INSTRUCTIONS FOR THE TASK: The records appear below. Set down exactly each line from the one that contains "begeistert ESC-Publikum weltweit" through the last, both included.

[Records from a data source]
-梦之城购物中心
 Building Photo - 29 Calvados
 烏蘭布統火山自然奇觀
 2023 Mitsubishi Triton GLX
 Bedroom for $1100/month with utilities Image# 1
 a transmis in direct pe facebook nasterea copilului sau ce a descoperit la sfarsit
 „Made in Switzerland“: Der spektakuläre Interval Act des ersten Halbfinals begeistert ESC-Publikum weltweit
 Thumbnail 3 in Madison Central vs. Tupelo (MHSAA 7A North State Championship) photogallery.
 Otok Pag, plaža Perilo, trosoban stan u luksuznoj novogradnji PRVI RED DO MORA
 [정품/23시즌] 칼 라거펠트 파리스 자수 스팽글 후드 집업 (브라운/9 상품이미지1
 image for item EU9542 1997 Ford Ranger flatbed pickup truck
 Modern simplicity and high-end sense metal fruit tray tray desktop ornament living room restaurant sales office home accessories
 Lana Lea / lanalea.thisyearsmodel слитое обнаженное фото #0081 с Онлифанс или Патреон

RESULT:
 „Made in Switzerland“: Der spektakuläre Interval Act des ersten Halbfinals begeistert ESC-Publikum weltweit
 Thumbnail 3 in Madison Central vs. Tupelo (MHSAA 7A North State Championship) photogallery.
 Otok Pag, plaža Perilo, trosoban stan u luksuznoj novogradnji PRVI RED DO MORA
 [정품/23시즌] 칼 라거펠트 파리스 자수 스팽글 후드 집업 (브라운/9 상품이미지1
 image for item EU9542 1997 Ford Ranger flatbed pickup truck
 Modern simplicity and high-end sense metal fruit tray tray desktop ornament living room restaurant sales office home accessories
 Lana Lea / lanalea.thisyearsmodel слитое обнаженное фото #0081 с Онлифанс или Патреон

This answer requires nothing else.